Task data below:
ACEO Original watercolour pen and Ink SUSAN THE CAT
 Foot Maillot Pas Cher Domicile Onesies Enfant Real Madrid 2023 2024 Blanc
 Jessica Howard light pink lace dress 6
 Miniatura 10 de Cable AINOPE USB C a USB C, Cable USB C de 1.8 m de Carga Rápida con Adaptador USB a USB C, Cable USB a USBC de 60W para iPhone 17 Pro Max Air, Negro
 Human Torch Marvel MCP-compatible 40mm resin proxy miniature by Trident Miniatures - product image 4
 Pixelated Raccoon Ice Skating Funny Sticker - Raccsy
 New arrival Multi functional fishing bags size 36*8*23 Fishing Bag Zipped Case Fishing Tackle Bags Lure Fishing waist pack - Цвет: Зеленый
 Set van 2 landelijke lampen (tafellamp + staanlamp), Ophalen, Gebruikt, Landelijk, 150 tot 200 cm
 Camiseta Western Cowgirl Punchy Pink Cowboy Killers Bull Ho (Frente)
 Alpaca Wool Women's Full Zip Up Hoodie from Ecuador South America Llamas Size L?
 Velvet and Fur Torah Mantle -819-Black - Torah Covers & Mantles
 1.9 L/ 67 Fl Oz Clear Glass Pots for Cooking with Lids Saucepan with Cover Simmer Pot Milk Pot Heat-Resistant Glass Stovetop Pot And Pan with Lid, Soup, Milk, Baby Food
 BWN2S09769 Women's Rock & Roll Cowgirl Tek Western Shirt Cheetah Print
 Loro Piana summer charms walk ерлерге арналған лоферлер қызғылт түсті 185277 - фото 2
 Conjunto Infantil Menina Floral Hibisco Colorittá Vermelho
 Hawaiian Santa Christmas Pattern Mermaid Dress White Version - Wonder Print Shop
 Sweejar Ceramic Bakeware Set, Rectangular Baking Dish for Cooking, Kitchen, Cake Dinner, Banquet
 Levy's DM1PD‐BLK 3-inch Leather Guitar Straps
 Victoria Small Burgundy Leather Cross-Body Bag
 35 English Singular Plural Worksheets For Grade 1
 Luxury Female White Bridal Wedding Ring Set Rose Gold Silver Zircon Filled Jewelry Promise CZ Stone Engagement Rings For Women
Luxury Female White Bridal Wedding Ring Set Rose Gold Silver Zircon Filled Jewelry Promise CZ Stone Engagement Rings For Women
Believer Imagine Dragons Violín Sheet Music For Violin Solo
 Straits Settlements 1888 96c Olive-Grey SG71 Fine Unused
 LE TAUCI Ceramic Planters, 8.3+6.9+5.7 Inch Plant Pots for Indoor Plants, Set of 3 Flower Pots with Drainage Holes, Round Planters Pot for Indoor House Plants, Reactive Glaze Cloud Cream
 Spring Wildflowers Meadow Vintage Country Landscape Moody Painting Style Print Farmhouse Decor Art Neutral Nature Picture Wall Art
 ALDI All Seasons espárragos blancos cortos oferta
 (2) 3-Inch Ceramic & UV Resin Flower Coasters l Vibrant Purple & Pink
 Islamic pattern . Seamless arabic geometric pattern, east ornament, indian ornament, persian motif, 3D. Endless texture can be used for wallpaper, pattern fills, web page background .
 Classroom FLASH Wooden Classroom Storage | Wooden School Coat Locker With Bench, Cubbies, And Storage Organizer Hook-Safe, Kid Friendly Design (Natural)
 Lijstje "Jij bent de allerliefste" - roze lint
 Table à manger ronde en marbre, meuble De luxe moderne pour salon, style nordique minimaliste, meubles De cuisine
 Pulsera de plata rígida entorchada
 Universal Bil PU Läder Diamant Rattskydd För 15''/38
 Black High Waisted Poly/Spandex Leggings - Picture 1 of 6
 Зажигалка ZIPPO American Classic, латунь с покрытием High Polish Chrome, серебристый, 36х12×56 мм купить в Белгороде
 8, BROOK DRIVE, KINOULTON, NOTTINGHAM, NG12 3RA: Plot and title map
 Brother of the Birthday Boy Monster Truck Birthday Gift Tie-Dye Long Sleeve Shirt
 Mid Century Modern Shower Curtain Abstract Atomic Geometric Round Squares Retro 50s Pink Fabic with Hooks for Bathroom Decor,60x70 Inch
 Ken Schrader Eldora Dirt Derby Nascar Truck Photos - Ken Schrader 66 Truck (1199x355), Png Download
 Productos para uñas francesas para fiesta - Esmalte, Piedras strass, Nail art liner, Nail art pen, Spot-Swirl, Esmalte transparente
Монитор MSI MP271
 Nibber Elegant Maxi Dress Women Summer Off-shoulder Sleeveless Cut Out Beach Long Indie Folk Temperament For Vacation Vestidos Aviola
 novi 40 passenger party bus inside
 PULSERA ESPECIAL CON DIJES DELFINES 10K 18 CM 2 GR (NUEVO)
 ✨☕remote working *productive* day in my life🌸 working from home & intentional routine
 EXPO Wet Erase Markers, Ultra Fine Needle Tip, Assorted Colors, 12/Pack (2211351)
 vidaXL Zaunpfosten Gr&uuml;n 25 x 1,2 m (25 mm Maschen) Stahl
End of Task data.
Task requirements :: Gather all lines from the records above in which "Silver" appears.

Finished task ::
 Luxury Female White Bridal Wedding Ring Set Rose Gold Silver Zircon Filled Jewelry Promise CZ Stone Engagement Rings For Women
Luxury Female White Bridal Wedding Ring Set Rose Gold Silver Zircon Filled Jewelry Promise CZ Stone Engagement Rings For Women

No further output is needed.